Esce il 7 marzo 'Acultzu a tie' (Vicino a te), il primo
lavoro discografico dell'artista nato a Nurallao. Classe 1968, e
settimo di 10 figli, ha iniziato a scrivere canzoni già dai
tempi delle elementari. "Poi da adulto ho iniziato a collaborare
con diversi gruppi musicali.
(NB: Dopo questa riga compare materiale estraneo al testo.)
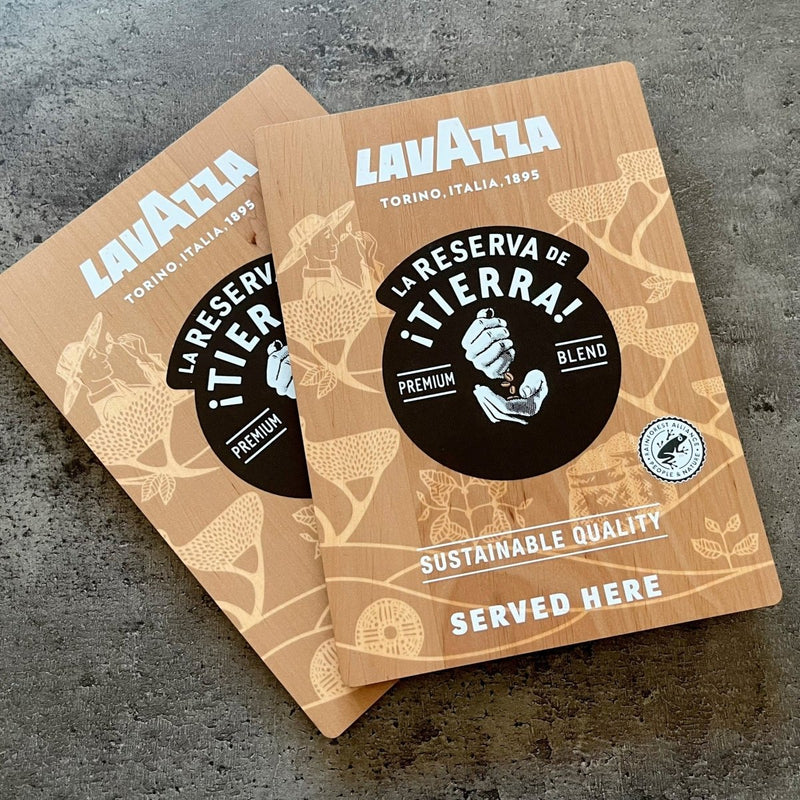 Hochwertige Lavazza-Schilder aus Holz für ein Café, mit nachhaltigem Design, edler Bedruckung und stilvollen Illustrationen.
Ho frequentato il Cet, la scuola di
Mogol, dove ho conosciuto Massimo Satta che ha prodotto il mio
disco", racconta Piras.
Dopo aver scritto i suoi testi in italiano, ha deciso di
optare per il sardo. "È stata una poesia in sardo a ispirarmi
una melodia".
Il disco si apre con 'In custa note', racconta un avvenimento
che ha segnato la vita dell'autore, caduto anche nello
sconforto. Con 'A sa luna' ritrova poi la serenità lasciandosi
cullare dalla luce del satellite più romantico del cielo. La
fede ritrovata è tutta nelle parole di 'Soberanu Signore',
mentre 'A sa oghe tua' è un omaggio a tutti coloro che hanno
dato lustro alla musica sarda lasciando il ricordo della loro
voce e delle loro parole.
'Deo l'isco ses tue' è la voce del desiderio di un ragazzo
che spera che negli occhi di un'aquila possa ritrovare il suo
migliore amico - riprende Marco Piras - da figlio invece voglio
tenere mia madre per mano per non farla sbagliare, e la riporto
alla sua vita da bambina stando Acultzu a tie. Mentre 'Amentos'
racconta di una madre che ricorda il figlio. 'Chie ses tue"':
amo la mia terra, e vorrei che fosse più rispettata. Infine,
chiudo l'album col brano 'Comente naschet'. Spesso mi domando da
dove è arrivata la mia compagna di vita, perché quando si ha un
punto di riferimento solido tutto ha senso", conclude Piras.